Fue entonces el turno de Anne y Daphne, quienes también lo hicieron bien. Estaban ya las tres muy entretenidas con lo suyo cuando Malfoy hizo su propio espectáculo.

"Oh, por Circe, no otra vez" se dijo Victoria, preocupada. Puede que Malfoy hiciera teatro (tendía a hacerlo, era una de las cosas que más le molestaban de él) pero la sangre era muy real, igual que la palidez en las mejillas del profesor.

"Casi seguro que hay otro profesor ahora" pensó y ya no estuvo tan segura de que eso le gustara…

Dentro de sí, estaba neutral, aunque era la única. Pansy exigía el despido de Hagrid con lágrimas en los ojos, Daphne estaba preocupadísima y había corrido hacía la enfermería, Blaise estaba muy serio y hasta Theo, que siempre parecía tener su propia opinión, no parecía muy contento.

Él captó la mirada dubitativa de su compañera y se acercó para que nadie más que ella pudiera oírlo.

Descuidado-dijo- Seguro habrá problemas, Draco siempre ha sido el mismo y sin embargo esas cosas no pasaban en otras clases.

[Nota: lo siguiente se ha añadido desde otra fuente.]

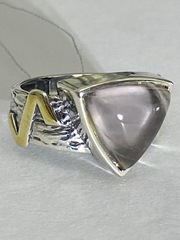 Зара (кольцо из серебра)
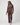 Ruched Zip-Up Velour Set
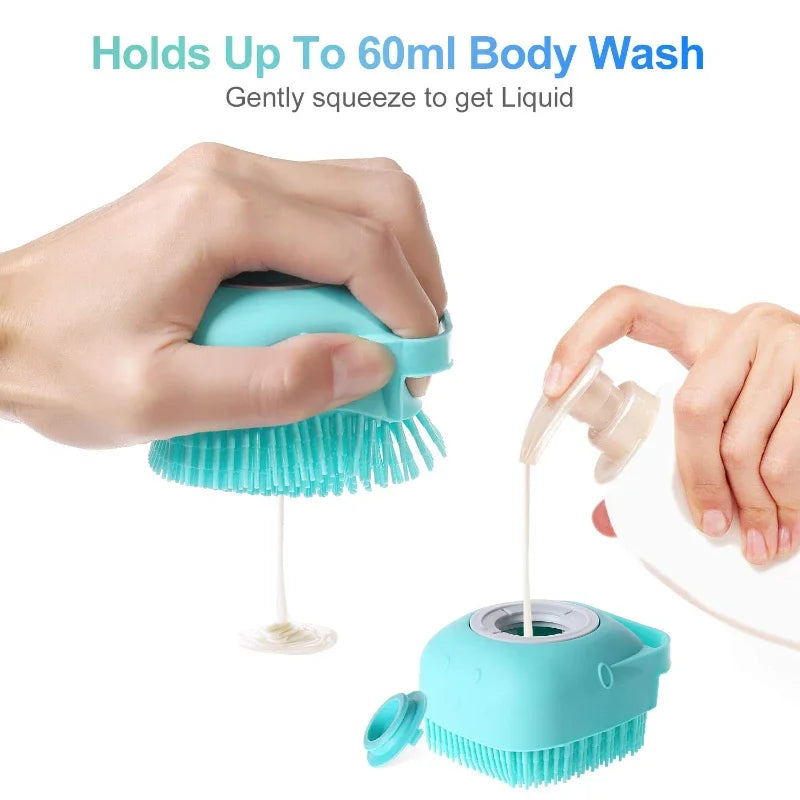 Soft Silicone Pet Grooming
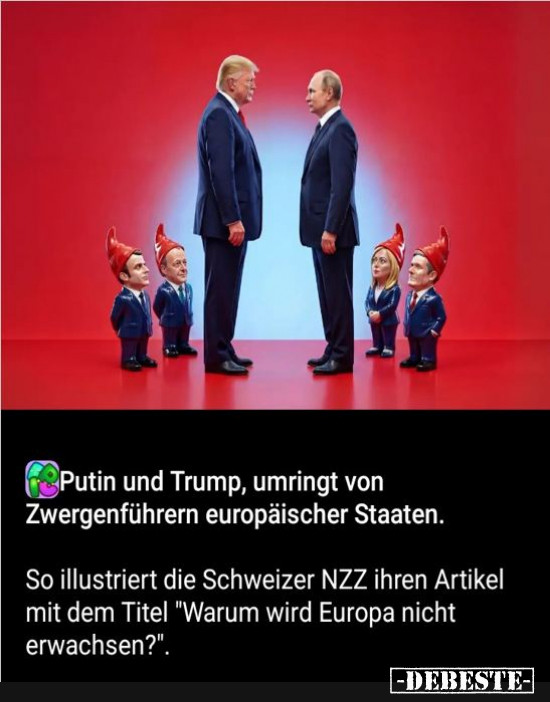 EU Zwerge - Lustige Bilder | DEBESTE.de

Ya y aún así…-Victoria se mordió el labio- Es una lástima, no lo estaba haciendo tan mal, ¿No crees?

Si hubo un herido, es un desastre, Victoria-sentenció Theodore mirándola fijamente.

Y así finalizó la primera clase de Cuidado de Criaturas Mágicas. Por segunda vez, Victoria tuvo que retractarse.

"Pues aburrido no fue…"

Y todos los Slytherin, sin pedir permiso, marcharon al Castillo.